A exposição tem algo de caça ao tesouro. Começa no átrio de teto alto e curvo da prisão, do qual fileiras de celas se empilham por diversos andares. Não há itinerário sugerido; os visitantes caminham como preferirem pelas alas da prisão.
Algumas das celas que eles podem visitar estão vazias; outras contêm obras de arte de artistas como Marlene Dumas e Richard Hamilton, vídeos de Nan Goldin, e/ou fones de ouvido com os quais pode-se ouvir leituras de textos escritos e narrados por autores como Ai e Jeanette Winterson.

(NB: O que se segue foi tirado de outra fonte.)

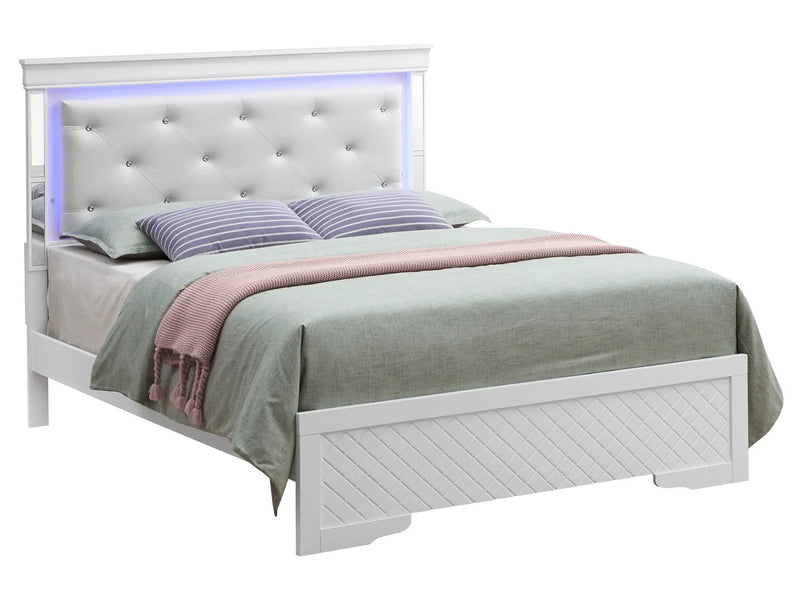 Bed With LED Light Accents Headboard by Unique Piece Furniture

Apenas 100 visitantes por hora serão admitidos, disse Lingwood. "Uma das coisas muito importante para nós era que a trilha sonora da experiência toda fosse o silêncio", ele disse. "Quando Oscar Wilde estava aqui, os prisioneiros eram basicamente mantidos sozinhos em suas celas praticamente o tempo todo, e quase não havia som".
"Queremos que as pessoas se comovam profundamente, que reflitam", ele acrescentou.

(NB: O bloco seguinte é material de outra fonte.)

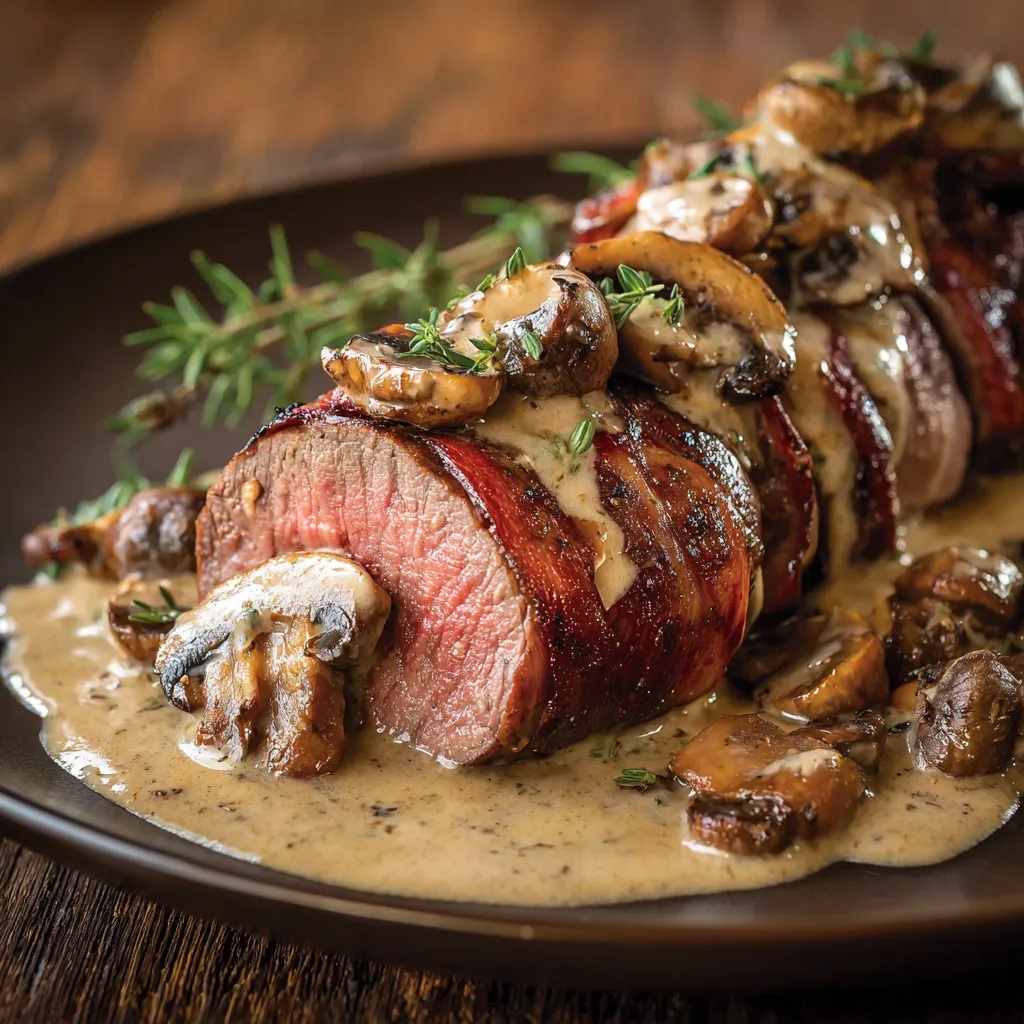 A plate of meat with mushrooms and herbs.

A cela de Wilde é um espaço perturbador, estreito (3,4 por 2,15 metros), com paredes de tijolos pintados, um teto alto e curvo e uma janela no alto da parede. Não há obras de arte para distrair os visitantes que entrem nela. Em uma cela vizinha, há cópias de época dos livros que Wilde solicitou para ler na prisão: obras de Santo Agostinho e Pascal, poemas de Wordsworth, Keats e Hafiz.

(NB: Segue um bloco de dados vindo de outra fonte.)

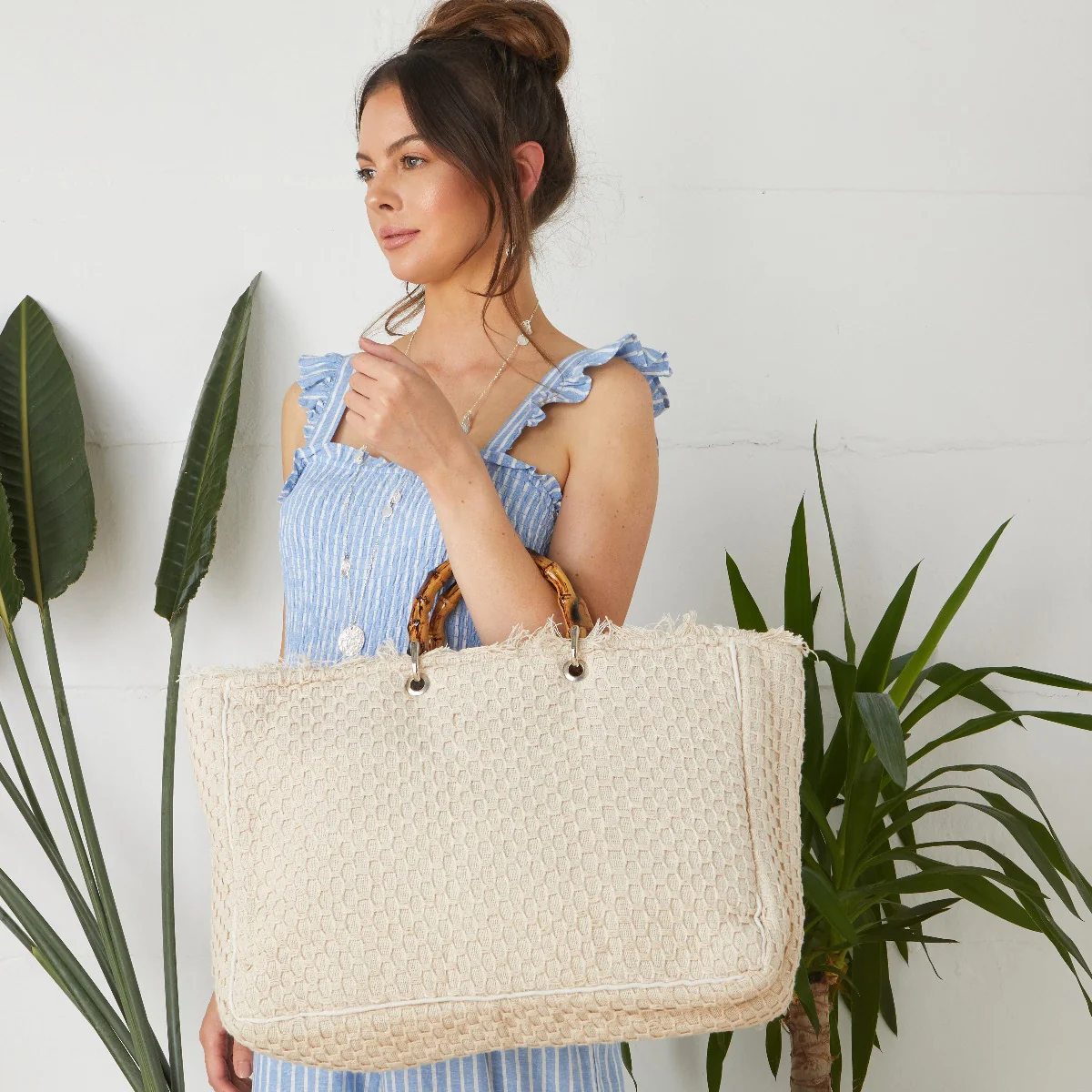 Athens Bamboo Handle Bag - Image 3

A única autêntica relíquia do período de Wilde na prisão é a porta de sua cela –uma peça de madeira maciça com ferrolhos pesados e uma portinhola de vigia no alto. A porta foi montada como um altar, sobre uma plataforma, pelo artista francês Jean-Michel Pancin.
A cada domingo, um ator ou artista específico (de uma lista que inclui Smith, o ator Ralph Fiennes e o escritor Colm Toibin) se posicionará sobre a plataforma e fará uma leitura completa, de cinco ou seis horas de duração, de "De Profundis", o comovente texto de 50 mil palavras que Wilde escreveu na prisão de Reading. Smith fará uma leitura abreviada, disse Lingwood.
As peças de arte que fazem parte da exposição são muito variadas, e vão de retratos de Wilde a evocações indiretas de cativeiro.
Dumas, pintora nascida na África do Sul, produziu um inspirador retrato de Wilde ao lado de um desenho pequeno e amarelado mostrando seu jovem amante, Lorde Alfred Douglas, conhecido como Bosie, cujo pai foi responsável pelo encarceramento do escritor. Em outra cela, Dumas retratou o escritor francês Jean Genet, também abertamente homossexual, também aprisionado.
Lá perto, a fotógrafa norte-americana Nan Goldin apresenta uma projeção revisitada de "Un Chant d'Amour", filme homoerótico de Genet, extratos de um filme pintado em tons sépia da peça "Salomé", de Wilde, e uma parede inteiramente recoberta de fotos (entre as quais muitos nus) de seu muso, o ator alemão Clemens Schick.
Em outras alas da prisão, o artista Wolfgang Tillmans –que visitou Reading no começo do ano– mostra imagens impressas em jato de tinta de seu rosto distorcido refletido por um espelho dentro de uma cela. O artista e cineasta Steve McQueen envolveu um dos catres das celas da prisão em uma rede contra mosquitos folheada a ouro.
Os textos escritos (que podem ser ouvidos com fones de ouvido) incluem uma carta de Ai ao seu filho Ai Lao descrevendo os 81 dias que passou em detenção secreta na China em 2011; e uma carta da escritora Gillian Slovo à sua mãe Ruth First, ativista política assassinada em 1982 pelo serviço secreto sul-africano, quando ela vivia no exílio em Moçambique.
Quanto à edificação em Reading, os planos do governo local para reconstruí-la como centro cultural mais permanente foram bloqueados pelo Ministério da Justiça. A BBC reportou em outubro que o ministério vai manter a cadeia em reserva, caso haja uma alta súbita na população carcerária.